IMHO, ntp syncs to correct small differences. Not decades. It would take centuries to bridge such a gap - NTP corrects using small portions. -
@Gertjan said in NTP not syncing with clients:
The local clock is dead ?
Or more likely the CMOS battery. That's very common on older computers.
-
@Yo5hi said in NTP not syncing with clients:
With NTP, is the client supposed to send its current timestamp with the request?
Yes..
here is my client starting its sync process..
You can see its currently not sync'd - will be back once it synced and show you the client packet
currently it has just stared
ntpq> pe remote refid st t when poll reach delay offset jitter ============================================================================== *ntp.local.lan .PPS. 1 u 62 64 7 0.623 -1.238 0.930
edit: ok now showing sync'd, notice the leap indicator went away..and showing reach of 377, and have * next to the server
ntpq> pe remote refid st t when poll reach delay offset jitter ============================================================================== *ntp.local.lan .PPS. 1 u 5 64 377 0.632 +0.357 0.325
I would really suggest if you can just run the ntp client on it, so you can get lots of info of what is going on with just the ntpq command
-
@johnpoz said in NTP not syncing with clients:
I would really suggest if you can just run the ntp client on it, so you can get lots of info of what is going on with just the ntpq command
One thing you have to watch for, in the name of security bogus times are sometimes used. However, they apparently don't cause problems.
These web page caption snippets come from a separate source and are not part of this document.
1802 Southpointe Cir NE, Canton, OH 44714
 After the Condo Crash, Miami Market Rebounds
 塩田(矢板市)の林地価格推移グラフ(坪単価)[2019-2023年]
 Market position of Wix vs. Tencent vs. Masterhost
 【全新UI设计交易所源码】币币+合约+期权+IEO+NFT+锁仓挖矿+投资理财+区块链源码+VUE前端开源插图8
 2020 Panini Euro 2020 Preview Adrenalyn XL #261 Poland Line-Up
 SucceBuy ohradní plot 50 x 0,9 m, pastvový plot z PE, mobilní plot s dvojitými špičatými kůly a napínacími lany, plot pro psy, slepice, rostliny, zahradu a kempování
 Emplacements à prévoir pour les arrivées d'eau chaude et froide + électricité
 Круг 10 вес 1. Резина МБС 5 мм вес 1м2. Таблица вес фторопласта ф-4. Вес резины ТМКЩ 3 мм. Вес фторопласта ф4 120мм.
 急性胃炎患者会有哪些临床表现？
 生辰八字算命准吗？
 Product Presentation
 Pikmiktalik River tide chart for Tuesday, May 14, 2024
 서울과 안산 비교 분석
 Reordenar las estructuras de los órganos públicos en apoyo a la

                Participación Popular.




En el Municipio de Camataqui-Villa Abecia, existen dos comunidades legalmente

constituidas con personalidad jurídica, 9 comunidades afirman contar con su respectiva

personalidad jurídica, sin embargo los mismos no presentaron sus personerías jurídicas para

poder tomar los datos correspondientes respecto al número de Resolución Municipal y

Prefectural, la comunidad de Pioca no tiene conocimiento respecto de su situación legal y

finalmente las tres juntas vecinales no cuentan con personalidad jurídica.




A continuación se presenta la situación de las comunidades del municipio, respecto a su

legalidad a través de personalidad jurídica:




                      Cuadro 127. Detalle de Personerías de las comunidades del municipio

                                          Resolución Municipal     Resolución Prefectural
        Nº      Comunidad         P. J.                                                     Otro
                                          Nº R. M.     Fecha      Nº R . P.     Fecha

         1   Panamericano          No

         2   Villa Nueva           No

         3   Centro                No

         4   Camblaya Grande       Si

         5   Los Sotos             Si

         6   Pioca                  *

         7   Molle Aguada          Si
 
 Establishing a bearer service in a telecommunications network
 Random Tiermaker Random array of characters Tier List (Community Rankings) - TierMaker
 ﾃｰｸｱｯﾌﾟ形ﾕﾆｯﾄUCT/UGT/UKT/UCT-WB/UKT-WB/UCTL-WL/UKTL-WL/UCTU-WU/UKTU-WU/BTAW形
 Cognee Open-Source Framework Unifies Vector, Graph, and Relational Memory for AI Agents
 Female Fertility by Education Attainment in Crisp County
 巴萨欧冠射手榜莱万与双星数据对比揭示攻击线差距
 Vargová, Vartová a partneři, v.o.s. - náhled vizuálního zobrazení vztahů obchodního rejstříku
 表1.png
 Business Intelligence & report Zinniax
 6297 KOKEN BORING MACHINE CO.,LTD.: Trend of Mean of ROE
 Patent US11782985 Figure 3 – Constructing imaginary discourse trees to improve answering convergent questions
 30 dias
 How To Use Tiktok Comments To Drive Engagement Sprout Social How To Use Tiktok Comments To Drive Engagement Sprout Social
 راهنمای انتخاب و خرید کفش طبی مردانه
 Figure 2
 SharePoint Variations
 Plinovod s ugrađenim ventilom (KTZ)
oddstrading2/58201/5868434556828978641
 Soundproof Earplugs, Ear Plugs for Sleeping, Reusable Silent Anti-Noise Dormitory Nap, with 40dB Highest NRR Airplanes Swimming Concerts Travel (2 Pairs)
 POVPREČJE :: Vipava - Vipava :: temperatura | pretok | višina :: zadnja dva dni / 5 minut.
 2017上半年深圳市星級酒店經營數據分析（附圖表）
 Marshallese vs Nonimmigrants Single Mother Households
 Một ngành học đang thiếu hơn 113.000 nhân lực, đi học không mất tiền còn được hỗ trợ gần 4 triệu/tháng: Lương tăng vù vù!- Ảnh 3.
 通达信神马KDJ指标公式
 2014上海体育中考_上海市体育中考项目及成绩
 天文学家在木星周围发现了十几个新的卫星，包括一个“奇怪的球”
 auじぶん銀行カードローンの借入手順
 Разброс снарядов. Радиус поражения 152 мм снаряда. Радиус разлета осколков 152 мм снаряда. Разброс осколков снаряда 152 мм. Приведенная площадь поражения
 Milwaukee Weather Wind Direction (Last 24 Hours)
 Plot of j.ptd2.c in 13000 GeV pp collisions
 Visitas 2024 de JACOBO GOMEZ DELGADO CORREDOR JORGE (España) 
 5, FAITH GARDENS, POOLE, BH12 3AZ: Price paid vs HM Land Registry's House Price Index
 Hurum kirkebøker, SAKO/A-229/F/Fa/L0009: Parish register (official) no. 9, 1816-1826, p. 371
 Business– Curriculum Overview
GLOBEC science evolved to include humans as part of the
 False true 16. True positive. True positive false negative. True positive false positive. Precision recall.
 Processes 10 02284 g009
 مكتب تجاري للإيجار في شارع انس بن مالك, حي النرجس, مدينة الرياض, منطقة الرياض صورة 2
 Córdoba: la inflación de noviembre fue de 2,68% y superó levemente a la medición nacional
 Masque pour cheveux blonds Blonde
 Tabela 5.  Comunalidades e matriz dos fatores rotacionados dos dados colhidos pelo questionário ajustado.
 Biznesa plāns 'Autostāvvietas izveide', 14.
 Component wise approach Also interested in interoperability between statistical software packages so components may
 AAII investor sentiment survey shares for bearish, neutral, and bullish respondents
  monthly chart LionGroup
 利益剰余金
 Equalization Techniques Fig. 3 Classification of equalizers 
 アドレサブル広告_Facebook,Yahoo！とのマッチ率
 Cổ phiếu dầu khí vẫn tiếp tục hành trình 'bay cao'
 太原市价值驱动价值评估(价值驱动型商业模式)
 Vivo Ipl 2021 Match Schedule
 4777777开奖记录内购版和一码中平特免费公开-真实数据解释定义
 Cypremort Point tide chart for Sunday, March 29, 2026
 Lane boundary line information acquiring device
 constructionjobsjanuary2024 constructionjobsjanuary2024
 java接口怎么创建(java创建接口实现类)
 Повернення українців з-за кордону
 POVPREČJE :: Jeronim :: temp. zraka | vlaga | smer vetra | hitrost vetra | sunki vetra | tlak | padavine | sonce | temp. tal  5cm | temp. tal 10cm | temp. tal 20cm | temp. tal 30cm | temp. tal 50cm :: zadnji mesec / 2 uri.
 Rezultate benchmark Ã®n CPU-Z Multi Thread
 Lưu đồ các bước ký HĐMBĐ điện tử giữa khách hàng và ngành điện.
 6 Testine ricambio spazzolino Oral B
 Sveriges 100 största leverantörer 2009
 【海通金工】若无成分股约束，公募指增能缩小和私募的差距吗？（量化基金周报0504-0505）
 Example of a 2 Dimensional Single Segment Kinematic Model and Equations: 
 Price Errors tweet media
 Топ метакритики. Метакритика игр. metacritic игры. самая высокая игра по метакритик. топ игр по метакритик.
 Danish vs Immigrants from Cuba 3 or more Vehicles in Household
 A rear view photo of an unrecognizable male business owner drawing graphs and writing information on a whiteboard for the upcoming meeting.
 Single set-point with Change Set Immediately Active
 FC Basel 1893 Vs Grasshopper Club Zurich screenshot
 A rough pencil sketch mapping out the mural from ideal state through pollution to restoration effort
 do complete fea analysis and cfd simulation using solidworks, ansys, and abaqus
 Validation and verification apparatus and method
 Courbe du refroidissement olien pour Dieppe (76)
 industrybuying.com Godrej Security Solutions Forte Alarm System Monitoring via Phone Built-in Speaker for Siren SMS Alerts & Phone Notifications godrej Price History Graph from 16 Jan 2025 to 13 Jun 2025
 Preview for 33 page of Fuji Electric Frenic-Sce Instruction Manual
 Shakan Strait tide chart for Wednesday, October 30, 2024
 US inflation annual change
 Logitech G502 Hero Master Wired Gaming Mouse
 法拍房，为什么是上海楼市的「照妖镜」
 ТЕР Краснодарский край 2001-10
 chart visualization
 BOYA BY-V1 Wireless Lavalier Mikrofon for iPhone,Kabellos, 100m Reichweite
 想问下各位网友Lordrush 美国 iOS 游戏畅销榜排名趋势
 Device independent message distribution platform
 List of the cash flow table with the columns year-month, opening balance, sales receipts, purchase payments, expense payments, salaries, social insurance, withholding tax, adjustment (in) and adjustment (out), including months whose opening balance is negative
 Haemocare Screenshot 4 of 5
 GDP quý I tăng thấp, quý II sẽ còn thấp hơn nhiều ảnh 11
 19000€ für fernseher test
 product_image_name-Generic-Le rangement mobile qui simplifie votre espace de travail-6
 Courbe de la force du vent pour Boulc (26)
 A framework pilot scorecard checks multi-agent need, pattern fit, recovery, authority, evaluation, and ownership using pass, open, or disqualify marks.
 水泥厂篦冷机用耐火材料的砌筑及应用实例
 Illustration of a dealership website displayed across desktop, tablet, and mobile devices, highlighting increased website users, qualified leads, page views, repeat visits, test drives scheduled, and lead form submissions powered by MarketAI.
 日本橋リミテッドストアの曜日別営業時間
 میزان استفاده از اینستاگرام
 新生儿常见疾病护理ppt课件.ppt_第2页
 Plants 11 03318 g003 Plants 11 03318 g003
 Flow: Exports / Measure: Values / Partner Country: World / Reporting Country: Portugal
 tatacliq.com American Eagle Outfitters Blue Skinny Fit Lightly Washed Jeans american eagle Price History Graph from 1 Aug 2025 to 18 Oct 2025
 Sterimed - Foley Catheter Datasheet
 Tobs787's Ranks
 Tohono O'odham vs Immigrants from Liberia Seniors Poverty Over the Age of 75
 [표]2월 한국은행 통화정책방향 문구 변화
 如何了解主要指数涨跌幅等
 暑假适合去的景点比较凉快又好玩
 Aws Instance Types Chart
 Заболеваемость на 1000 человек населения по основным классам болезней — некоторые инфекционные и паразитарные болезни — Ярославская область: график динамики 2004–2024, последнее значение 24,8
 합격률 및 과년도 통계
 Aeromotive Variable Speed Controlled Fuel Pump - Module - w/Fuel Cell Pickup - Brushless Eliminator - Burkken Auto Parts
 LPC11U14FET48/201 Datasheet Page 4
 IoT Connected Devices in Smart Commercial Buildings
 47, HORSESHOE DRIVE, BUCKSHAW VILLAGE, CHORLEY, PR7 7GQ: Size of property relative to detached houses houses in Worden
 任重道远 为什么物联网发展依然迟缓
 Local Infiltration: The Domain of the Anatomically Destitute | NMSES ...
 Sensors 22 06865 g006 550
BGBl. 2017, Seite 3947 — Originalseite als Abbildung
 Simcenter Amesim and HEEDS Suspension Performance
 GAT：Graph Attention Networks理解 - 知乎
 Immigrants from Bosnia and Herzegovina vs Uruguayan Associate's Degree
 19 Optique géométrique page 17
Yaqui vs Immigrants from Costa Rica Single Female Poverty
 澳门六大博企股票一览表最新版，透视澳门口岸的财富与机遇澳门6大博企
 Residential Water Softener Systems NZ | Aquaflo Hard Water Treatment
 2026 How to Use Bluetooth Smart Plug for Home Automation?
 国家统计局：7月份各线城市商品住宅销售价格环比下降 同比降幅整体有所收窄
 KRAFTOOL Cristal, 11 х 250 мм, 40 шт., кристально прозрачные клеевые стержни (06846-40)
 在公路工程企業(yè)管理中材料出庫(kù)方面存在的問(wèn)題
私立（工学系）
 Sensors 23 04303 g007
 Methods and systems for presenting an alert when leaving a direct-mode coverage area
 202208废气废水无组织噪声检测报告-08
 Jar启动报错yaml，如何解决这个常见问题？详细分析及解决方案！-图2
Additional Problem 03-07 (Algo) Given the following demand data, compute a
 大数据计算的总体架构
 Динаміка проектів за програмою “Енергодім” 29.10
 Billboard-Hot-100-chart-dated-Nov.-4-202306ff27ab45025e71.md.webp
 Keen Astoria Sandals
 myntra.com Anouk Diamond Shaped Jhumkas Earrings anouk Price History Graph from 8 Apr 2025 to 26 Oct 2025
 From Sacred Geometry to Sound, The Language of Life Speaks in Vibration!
Check through this capture to see some examples of those bogus times.
-
I just manually set the time on the IoT device (it doesn't have a RTC on board or a CMOS) and had it try to sync with the NTP service and got the same behavior. From the packets, it appears that the NTP service on pfSense is throwing some sort of error in the "Reference ID" field though (detailed below).
Client's first sync request (it doesn't put its current timestamp in, apparently, even though I set it manually before the sync):
Server's response (looks correct):
Client makes another request 5 seconds later with some differences to 1st request for some reason:
Server response, but now has "Unidentified reference source 'RATE'" and reports and invalid stratum of zero:
I don't see anything in the System Logs for the NTP service that's an error or anything, and the NTP monitoring data looks fine (within 7ms over the last 24hrs, if I am interpreting it correctly):
What does "Unidentified reference source 'RATE'" mean?
-
Ok, I had a feeling that it was something to do with rate limiting, or the rate that the client is trying to poll the server, so I slowed down the frequency that the client performs retries to sync the clock from every 5 seconds to every 20 seconds and it reliably syncs now after 3-4 attempts.
So it appears that there's some sort of rate limiting or something about NTP that doesn't allow clients to poll it more often than 20 secs or so.
So it's working now - I just wish that my devices don't have to wait 60-80 secs on boot to sync.
Thanks for the help, everyone.
-
@Yo5hi said in NTP not syncing with clients:
I just wish that my devices don't have to wait 60-80 secs on boot to sync.
So, it boots, asks the time ones - got it, and sets it's own clock, and wants be sure and checks up a second time. It pauses the entire system while waiting for that ??
No RTC, bad NTP implementation ... hummm.